In addition to verifying the proof, the chain also checks that (i) \(R\) actually is a recent state root, and (ii) the nullifier \(N\) has not yet been used. So far, this is like the privacy-preserving coin introduced earlier, but we add a procedure for "minting" a new account, and we remove the ability to "send" your account to a different key - instead, all nullifiers are generated using your original key.

We use \(enc\) instead of \(hash\) here to make the nullifiers reversible: if you have \(k\), you can decrypt any specific nullifier you see on-chain and if the result is a valid index and not random junk (eg. we could just check \(dec(N) < 2^{64}\)), then you know that nullifier was generated using \(k\).

Adding reputation

Reputation in this scheme is on-chain and in the clear: some smart contract has a method addReputation, which takes as input (i) the nullifier published along with the post, and (ii) the number of reputation units to add and subtract.
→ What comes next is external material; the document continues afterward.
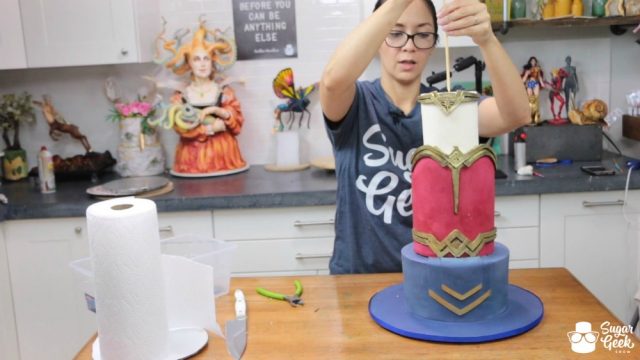 Cake Decorating Basics: Stacking Cakes With Straws – Sugar Geek Show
We extend the on-chain data stored per post: instead of just storing the nullifier \(N\), we store \(\{N, \bar{h}, \bar{u}\}\), where:

\(\bar{h} = hash(h, r)\) where \(h\) is the block height of the state root that was referenced in the proof
\(\bar{u} = hash(u, r)\) where \(u\) is the account's reputation score (0 for a fresh account)

\(r\) here is simply a random value, added to prevent \(h\) and \(u\) from being uncovered by brute-force search (in cryptography jargon, adding \(r\) makes the hash a hiding commitment).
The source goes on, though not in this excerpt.